Thursday, July 30, 2009

Los Grumildos

"The narrative is left to the viewers," boasts the beautiful, full-color, chock-full-o'-sordid-puppet-photographs program for Ety Fefer's Los Grumildos. It goes on to disclaim further: this work resists labels like "kinetic theater, art installation, and puppet performance," from which you can assume that it wishes to be all three. And yet, each "performer" is locked behind glass, the cheap mechanical pulley systems puppeting them in perpetua in full view, which leads us not to "fulfill our inner child's unconscious voyeuristic fantasies," but to coldly remark upon animated freak-show corpses. Guillermo del Toro might find a use for these creatures in a film, but on their own, they are neither special nor do they have an effect.

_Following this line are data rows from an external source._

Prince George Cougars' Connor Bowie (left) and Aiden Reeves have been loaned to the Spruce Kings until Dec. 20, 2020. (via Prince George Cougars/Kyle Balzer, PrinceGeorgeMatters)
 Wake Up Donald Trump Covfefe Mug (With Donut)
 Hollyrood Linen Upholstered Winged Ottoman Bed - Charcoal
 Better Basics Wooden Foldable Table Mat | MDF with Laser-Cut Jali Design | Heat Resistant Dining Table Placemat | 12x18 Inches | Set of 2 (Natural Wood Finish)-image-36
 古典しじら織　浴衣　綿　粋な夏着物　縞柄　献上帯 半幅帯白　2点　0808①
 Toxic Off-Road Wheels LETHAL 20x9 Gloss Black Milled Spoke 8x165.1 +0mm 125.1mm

Los Grumildos is a self-guided tour, but then again, so is Ripley's Believe It Or Not, or Madame Tussaud's Wax Museum, both of which offer similar "excitements." Are we supposed to be jaw-droppingly impressed simply because there's a high level of detail paid to each character's phallus? Even the laboriously rehearsed world of burlesque offers more immediate thrills than this. Leaving the narrative up to me implies that if I'm not thrilled by the dim lights, smoky air, disco ball, ragged red carpet, and old Hollywood music, it's a failure on my part--that's a cheap dodge on the "playwright's" end.

But let's lean in closer. A naked, pig-eared and nosed fellow stands by an amp, a half-filled bottle of bear beside it. His right hand's fingers are frozen in a plastic sprawl, gnarled thumb and waxy pinky forever pointing in opposite directions. Copperish wires jerk this hand up, another moves the ulna, another handles the head, the joints on the left. In this fashion, he is made to "strum" the guitar and tap one foot, an act that has been performed so often that there is a fine metallic powder beneath that stomping sole. Is it such a wonder that he has hairs threaded into his calves?

Ety Fefer has a vivid imagination, there's no denying that. In another display, a six-breasted cheetah-like (with diseased looking spots) is the lead singer, along side a Kruger-looking mandolinist, an aardvark drummer (whose penis resembles his nose), and a lizard-tailed porcupine-haired keyboardist. Elsewhere, a creature flaps its shriveled onion wings, dancing in its four white-heeled boots and waving its pincers. Hidden in back is the piece de resistance, the perverted dollhouse known as Bar Cairo. There's plenty going on in its five rooms (including a brothel and a bathroom), and at least there's no glass, but is it really voyeurism if the "cast" keeps performing the same actions, intent on you seeing them?

Los Grumildos is a cheap show, so if this sounds novel to you, it at least gives you a chance to check out the redesigned HERE Arts Center. Then again, given what this show expects from you, you might just as easily stay home and simply use your imagination.